Me & the boyfriend (crappy I must add) broke up & I'm now with an amazing guy I've known for 5 years through ffa.
He lives in Maryland (where I am now) and once I graduate I'm moving up here. 
Got all the animals squared away, have 5 beautiful goalies & 2 going on 4 breeding bunnies, mini rex, along with 7 chicks soon to have incubators and the whole 9 yards.

For the ones who knew my animals names and stories, I still have 
sabrina 5 year old grade doe who got attacked my by puppy & her ear ripped half off 






she's the red for in the back

I still have my Cricket jr 
The Doeling that was almost a month premature & lacie (little bits n pieces) helped me with over the phone 















Remington 








And two new ones, Elissa or Ellie Mae (she's in some other pictures I posted she's blue eyed tricolored and polled) 
And my Christmas present, marvel  
















And well, it exains itself but,


----------



## ksalvagno (Oct 6, 2009)

Great to have you back! Glad to hear things are going better. Congratulations!


----------



## Emzi00 (May 3, 2013)

Great to see you Emilie!!


----------



## dreamacresfarm2 (May 10, 2014)

love your cute goaties


----------



## emilieanne (Oct 15, 2012)

Thank you all!!!!! I'm excited to 
To be back and can't wait to jump back into the loop of the goat family!!!!


----------



## Ranger1 (Sep 1, 2014)

Welcome back to the fun!
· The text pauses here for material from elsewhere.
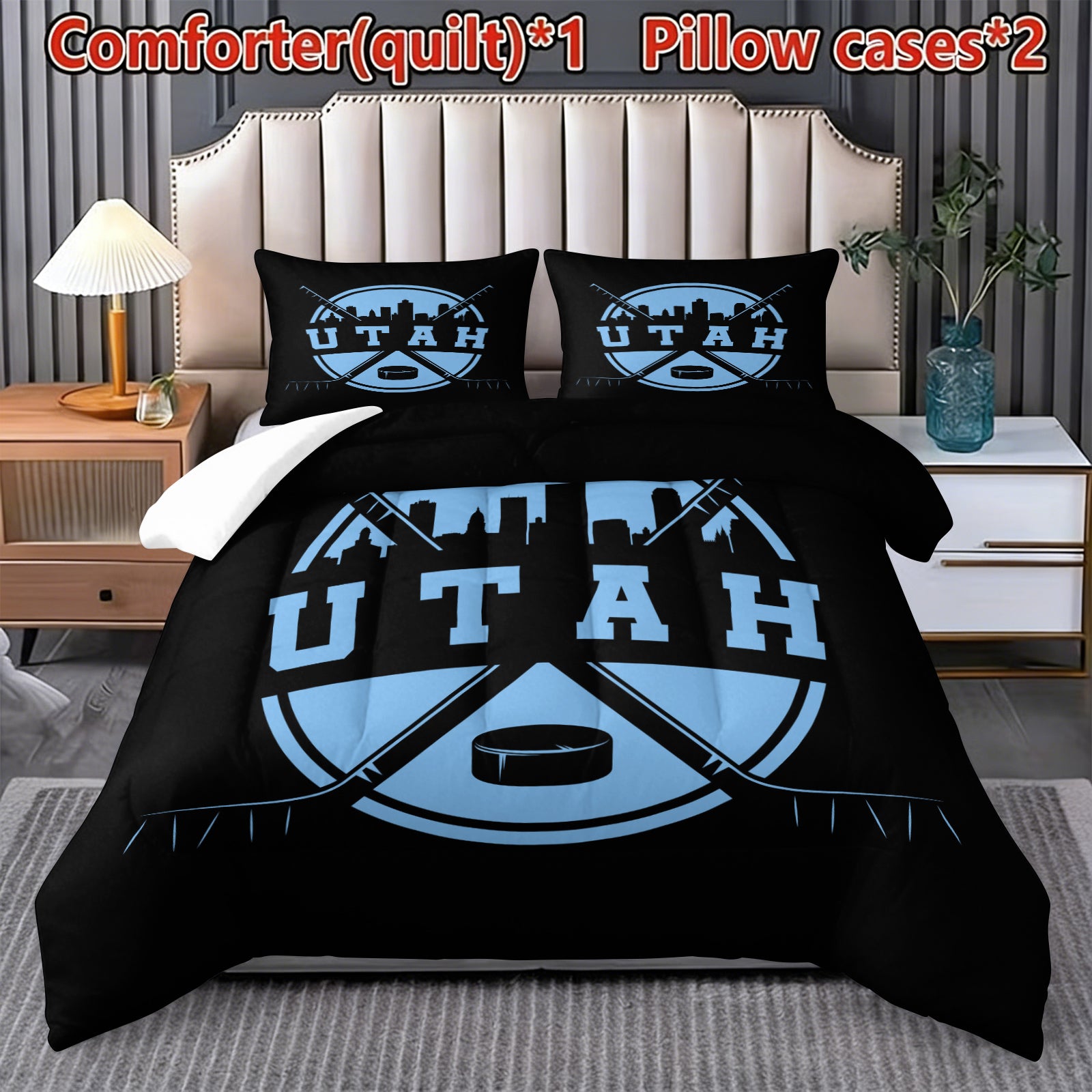 Utah Mammoth Hockey League Comforter Pillowcase Sets Blanket All Season Reversible Quilted Duvet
Does the ring mean you are recently engaged?!?!


----------



## emilieanne (Oct 15, 2012)

Ranger1 said:


> Welcome back to the fun! Does the ring mean you are recently engaged?!?!


Yes, yes it does


----------



## Trickyroo (Sep 26, 2012)

Congratulations and welcome back 
Lovely herd you have there !


----------



## ThreeHavens (Oct 20, 2011)

I remember those goats!  Congrats, it's great to have you back.


----------



## emilieanne (Oct 15, 2012)

Thanks threehaven & trickyroo it's glad to be back! Is Lacie still around or do I need to text her? lol


----------



## Trickyroo (Sep 26, 2012)

Oh she's around  Go on the chat threads , you'll find her


----------



## Ranger1 (Sep 1, 2014)

emilieanne said:


> Yes, yes it does


A big congratulations!!


----------



## J.O.Y. Farm (Jan 10, 2012)

Hey Emilie!! Welcome back! And a big congratulations on your engagement!!  :hug:


----------



## COgoatLover25 (Dec 23, 2013)

Welcome back! Congrats on your big news! :stars:


----------



## emilieanne (Oct 15, 2012)

Thank you guys  oh how I've miss yall!! Hey, if anyone sees lacie around, tell her to come check out my thread or message me or something! Pleeeeeease


----------



## J.O.Y. Farm (Jan 10, 2012)

she hangs out on the 'Pull up a chair' thread


----------



## emilieanne (Oct 15, 2012)

Okay lol off to the old thread I go


----------



## Little-Bits-N-Pieces (Apr 7, 2013)

Oh my goodness! Geez, so much has happened!  Soooo glad Cricket Jr is still with you (she got big!), and Sabrina still there (sorry to hear about her ear though, that stinks)! Remington got big too! 
Congrats on the engagement! You'll be busy!


----------



## emilieanne (Oct 15, 2012)

Thank you  yeah! He's huge! He's got lots of girls too!! He's out with 3 girls now & when I go back to Florida he's going to 2 new girls. Then after that in March, he's on for cricket & Elissa! 
I don't think we're gunna have anything big, at all. 
Mostly friends & a tad bit of family. And it's gunna be after I move up here so


----------



## J.O.Y. Farm (Jan 10, 2012)

I like small weddings better myself too  that's what I want! :lol:

And your ring is beautiful too!


----------



## happybleats (Sep 12, 2010)

welcome back : )


----------



## emilieanne (Oct 15, 2012)

Yeah  plus all I want is to have my animals & a family so just want to save knew for all that


----------



## Delilah (Jan 6, 2013)

Welcome back Emilie!!!! Congrats on the engagement!! So glad to have you back!!


----------



## dnchck (Mar 24, 2014)

Congrats and welcome back!!


----------



## sweetgoats (Oct 18, 2007)

Congratulations on the engagement. Do you have a days or did I miss it? Welcome back.


----------



## emilieanne (Oct 15, 2012)

Nope. No day yet  it'll be fall for sure. Always wanted it to be fall(; not sure if it'll be 2015 (doubt it cause that's so close to me moving up here) or 2016 but deff one of those  

Thank you guys!!


----------



## NyGoatMom (Jan 26, 2013)

Welcome back Emilieanne! Glad to hear things are looking up for you


----------



## caprine crazy (Jun 12, 2012)

Glad to see you back! Congrats on the engagement! I've never wanted a big wedding either. I do want to get married on Valentine's day though. Idk why, just always thought it'd be cool. That's a beautiful ring too.


----------



## emilieanne (Oct 15, 2012)

Thank you guys


----------